As the air starts to cool and fall gets closer, I’m always reminded of a feeling I used to have as a kid – that “back to school” feeling, in the pit of my stomach.
It’s not that I didn’t like school. I did like it: I liked learning, being with my friends all day, playing sports, most of my teachers…my home life was tough growing up and I liked the sense of community that came with going to school.
But I didn’t like being graded. I studied hard, but I was never an A student – to say the least. I didn’t test well, and writing papers was usually a struggle. In the end, I got into Syracuse University from John Dewey High School, but that was by the skin of my teeth – my SATs and grades were subpar. I got into college mainly thanks to my extracurricular activities and by doing a great sales job with the admissions counselor who interviewed me. And it’s not like that changed my academic confidence much; passing my college classes was a battle as well.
Suffice it to say, every fall, I dreaded another year of being judged academically. And too often, the fact that I didn’t excel as much in my studies as some of my peers made me feel lesser.

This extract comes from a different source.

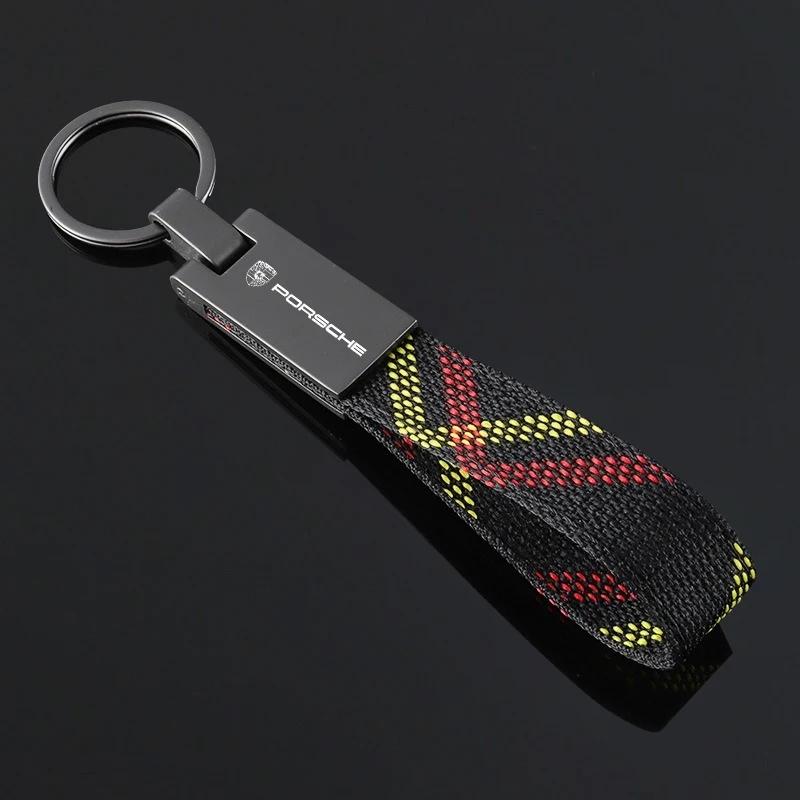 

Car Sticker Hot For Ford for Porsche Cayenne Panamera Macan 911 718 Taycan Boxster Cayman 918 Oxford Webbing Car Logo Key Ring K жёлтый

When you’re a kid, your world is pretty small, and school is a big part of it. So it’s easy to fall into the trap of thinking school is who you are. That it defines you. You don’t realize that your life is going to become so much more than that. It’s going to be about family, and friends, and passions, and simple hobbies, and your career – which, surprisingly, isn’t too affected by how good your grades were(!) – and a billion other things.
But the thing is, we’re always little kids inside, and now and again, we all still slip into that mindset of feeling like our life is just about one thing. And too often, it’s that thing that maybe isn’t going too well.

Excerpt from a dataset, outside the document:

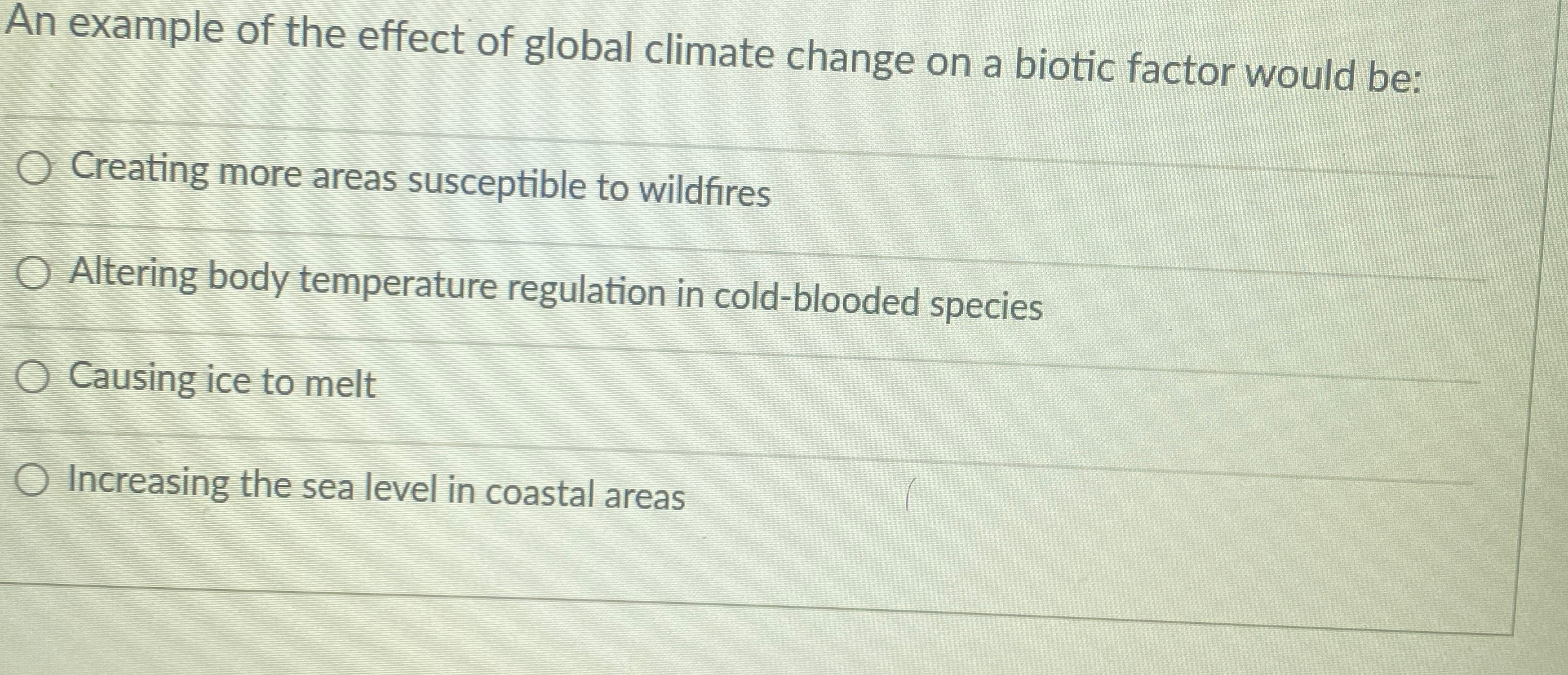 Solved An example of the effect of global climate change on | Chegg.com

Something bad happens at work and we let it get us down in a way that’s out of proportion with the rest of our lives. We forget we have loving friends and families, and passions that also give our life real purpose. We forget how much fun we get out of simple pleasures, like watching a ballgame, or eating our favorite food, or laughing at a silly movie. By the same token, we get into a spat with a kid or a parent, or another loved one, and we let that define the relationship, forgetting about all the rest of it. The reasons we love that person in the first place.
We start feeling like the kid who thinks he’s defined by his grades – and doesn’t realize there’s a whole other life of experiences and people out there, just waiting for him.
How about you? Do maintain a sense of proportion? Or do you slip into letting isolated parts of your life define how you feel about yourself, like the student dreading going back to school?
That’s why they say that if you have your health, you have everything. Because aside from your health, there’s never one thing that can bring the rest of you down.